MMAG has now formally registered with the IPC and strongly encourages all concerned residents and groups to do the same. MMAG’s registered statement is as follows:
The IPC should refuse consent for the Proposed Rookery South Energy from Waste Generating Station (EfW) because the cumulative detrimental effects – drawn from the headline generic impacts outlined in the Revised Draft Overarching National Policy Statement for Energy (EN-1) and Renewable Energy Infrastructure (EN-3) – listed below outweigh any potential benefits;
(A) Air Emissions
(1) The cumulative long term impact on the health of residents anxious about the EfW stack emissions over the life cycle of the plant accentuated by the meteorological phenomenon of temperature inversion within the Marston Vale.
(B) Biodiversity and Geological Conservation
(2) To situate the EfW within Rookery Pit South adjacent to the Marston Vale Millennium Country Park – a primary purpose of which is to re-forest the Marston Vale – would be a retrograde step ecologically and lead to significant habitat loss and ultimately the industrialisation of Rookery Pit South.
(C) Dust, Odour, Artificial Light, Smoke, Steam and Insect Infestation
(3) There will be loss of night sky with severe light pollution.
(D) Landscape and Visual Impact
(4) The sheer size of the EfW and stack (accentuated by the plume) will materially impair the visual amenity and panoramic views of this essentially rural landscape.
(5) There will be significant disturbance from the intermittent noise of HGV’s and the continuous noise from the EfW itself in a tranquil setting.
(F) Local and Regional Waste Management
(6) The EfW will undermine local waste strategy and discourage recycling.
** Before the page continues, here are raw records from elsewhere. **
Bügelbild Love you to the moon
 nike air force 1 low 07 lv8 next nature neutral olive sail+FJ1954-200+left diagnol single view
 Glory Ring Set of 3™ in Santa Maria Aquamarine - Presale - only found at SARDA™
(7) The electricity generating capacity of the EfW in terms of average domestic consumption is exaggerated.
(8) The abolition of regional spatial strategies undermines much of the socio-economic justification for the EfW for future housing projections and the waste theoretically arising.
(9) EfW assembly will be undertaken by labour imported temporarily into the area and the remaining permanent jobs will have a negligible effect on overall employment patterns – of which there can be no guarantee, will be offered to local people.
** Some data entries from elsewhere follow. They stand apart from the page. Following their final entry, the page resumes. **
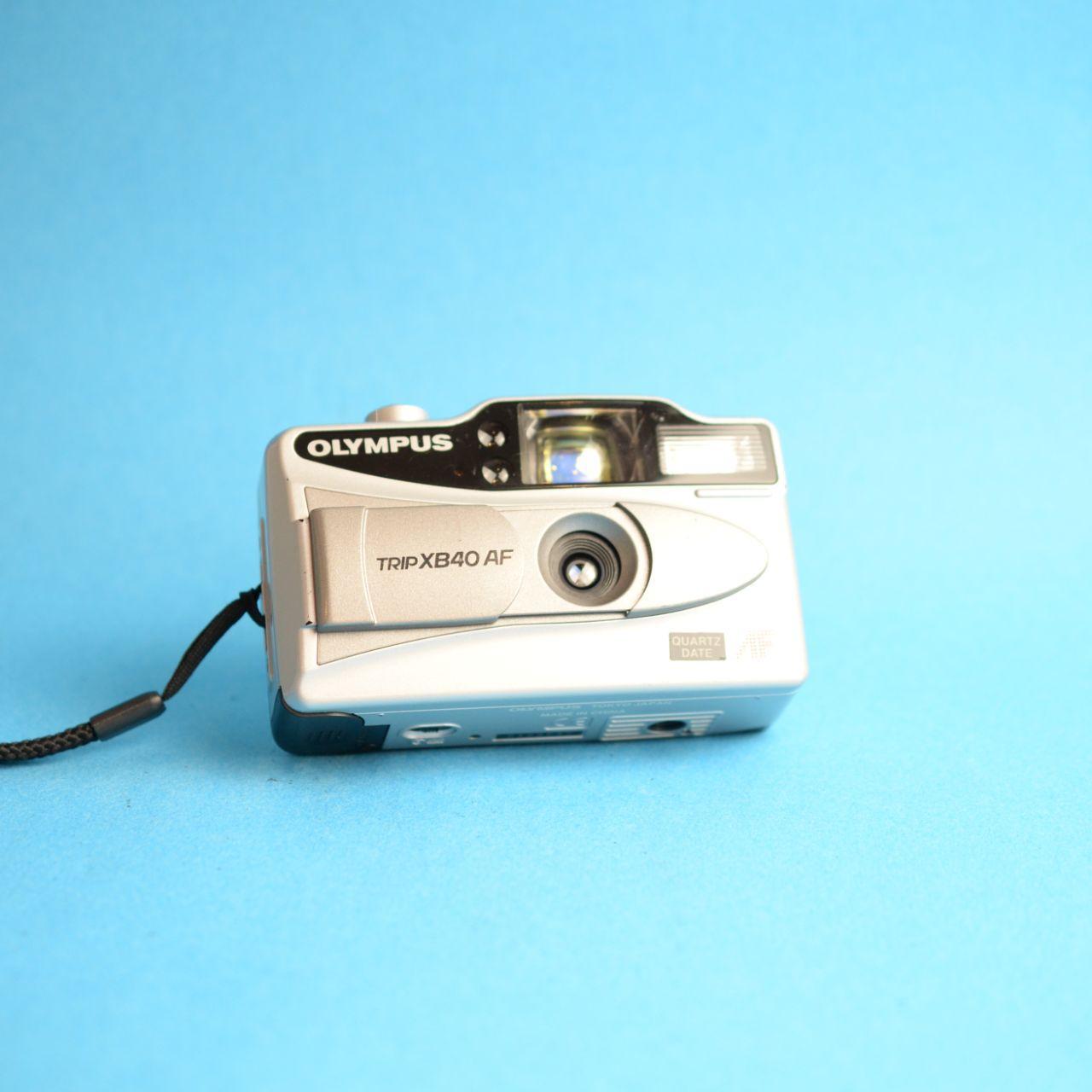 Olympus Trip XB40 AF 35mm Film Camera | Point & Shoot | Tested & Working | Silver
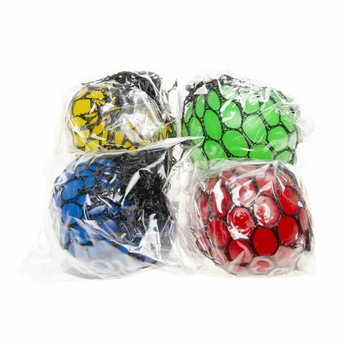 SQUISHY-VERKKOPALLO - Halkaisija: 5 CM - V&Auml;RIKK&Auml;&Auml;T MIX-V&Auml;RIT MYYNTITELINEESS&Auml; (24 kpl)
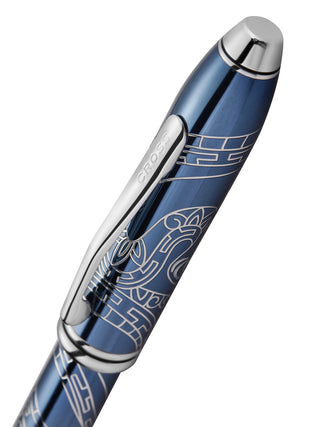 Townsend® Zodiac Year of the Snake Blue Lacquer Rollerball Pen - By Baano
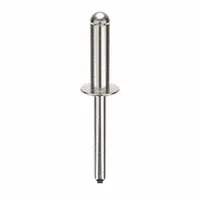 Blind Rivet,2 12/71" L,0.249" dia,PK100: Inch, 2 11/64 in Overall Lg, 27/32 in Body Lg, Dome, 100 PK (MPN AD810ABS203)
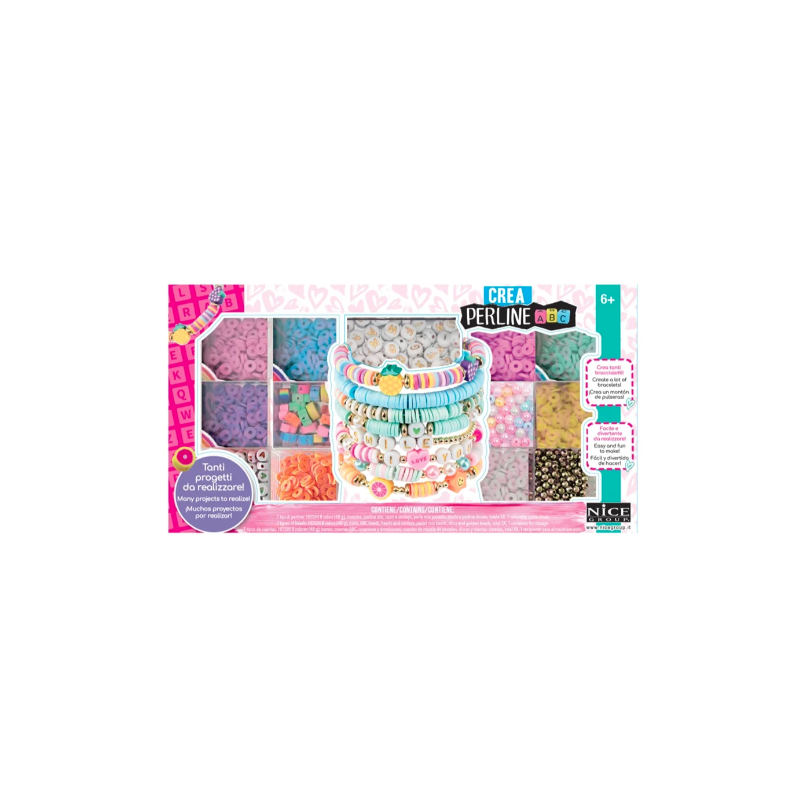 Kit Pulseira Crea Perline Nice 500 PCS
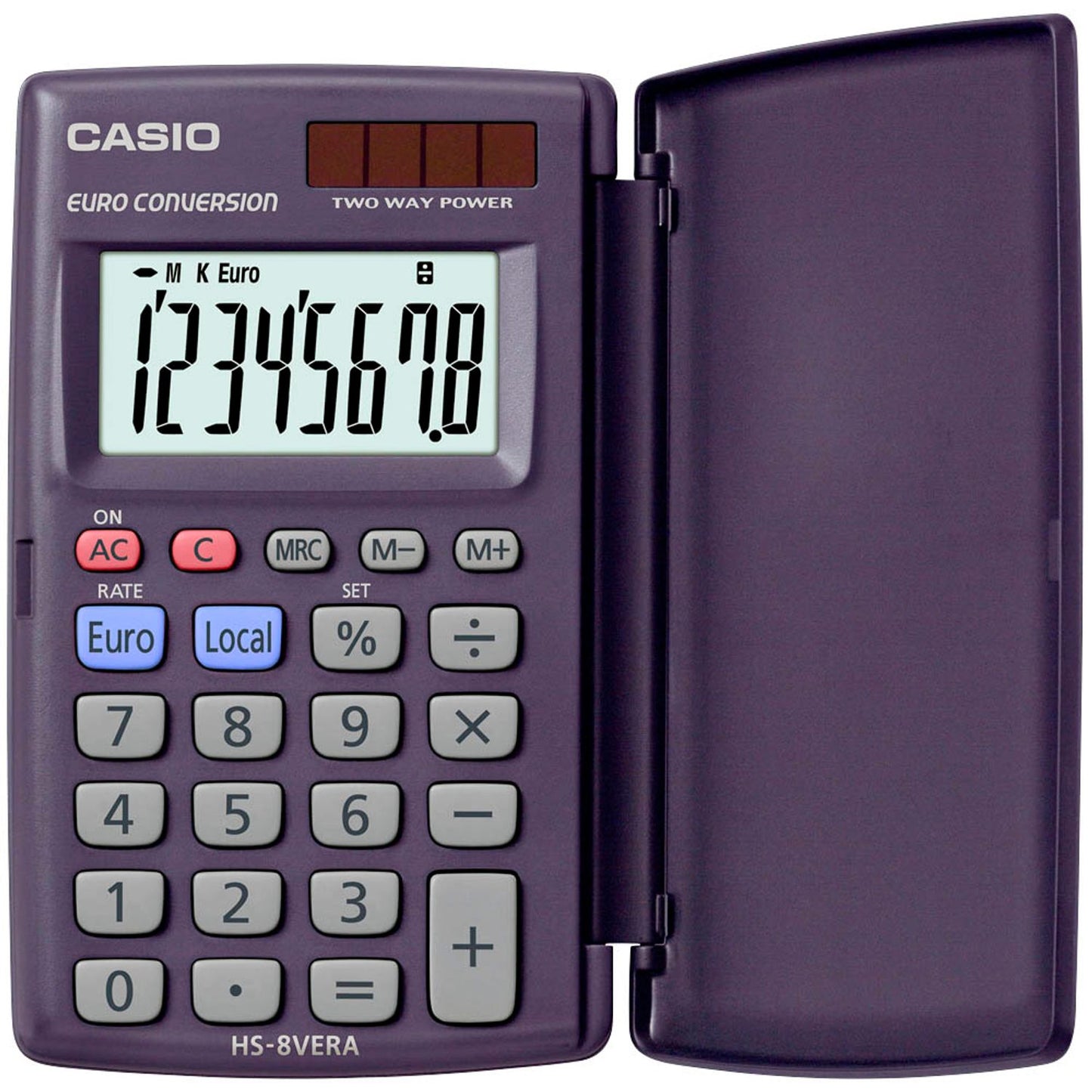 CASIO Taschenrechner dunkelblau | HS-8VERA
(10) There will be a detrimental effect on existing property prices which in turn will depress economic activity and undermine the ambition of local communities to develop as tourist destinations and not somewhere other communities send their waste.
(H) Traffic and Transport Impacts
(11) The traffic volumes will be beyond the existing and predicted capacity of the road infrastructure with huge potential for congestion further afield at key junctions in Milton Keynes and the motorway network and the traffic arrival and departure times will lead to significant disturbance, traffic congestion and noise to surrounding communities.
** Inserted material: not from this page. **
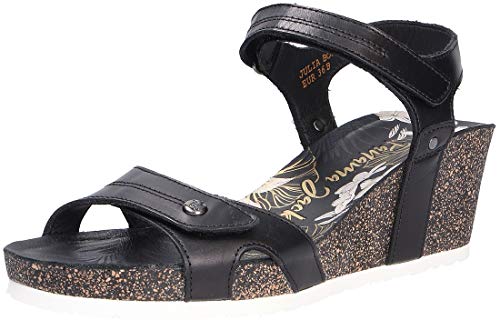 Panama Jack Julia Boulevard, Sandalias con cuña Mujer, Schwarz, 42 EU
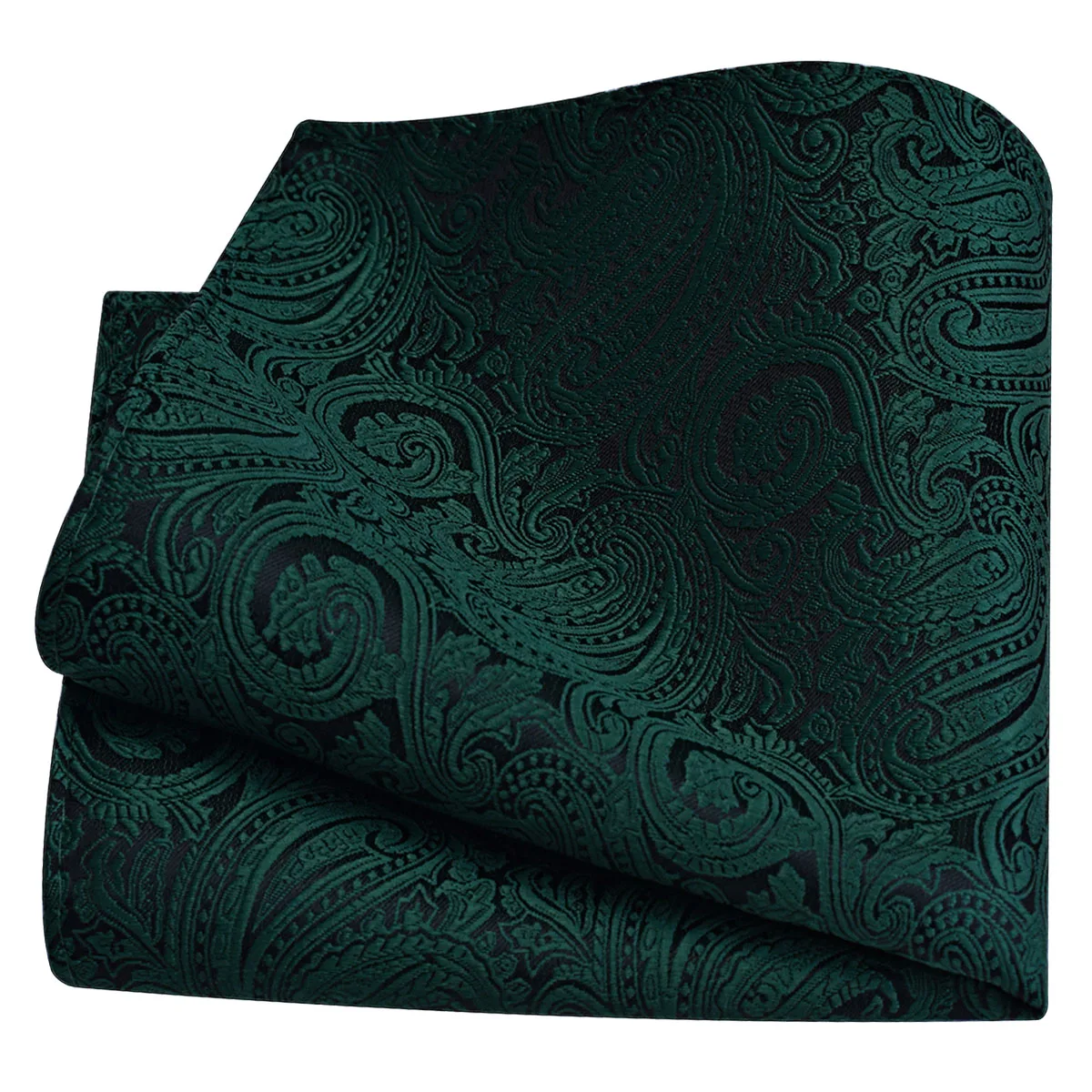 Ricnais Classic Silk Pattern Handkerchiefs 25cm*25cm Hanky Green Red Purple Orange Pocket Square For Man Wedding Business Party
(12) Despite the fact that Rookery Pit lies between two rail lines all waste to the EfW will be delivered by road.
(13) There has been no consultation by Covanta on the impact of the proposed impact on communities beyond the Marston Vale.
For these reasons above we propose to provide further supporting detailed evidence that the IPC should conclude this proposal is the wrong solution to dealing with waste in the proposed catchment area and in the wrong location.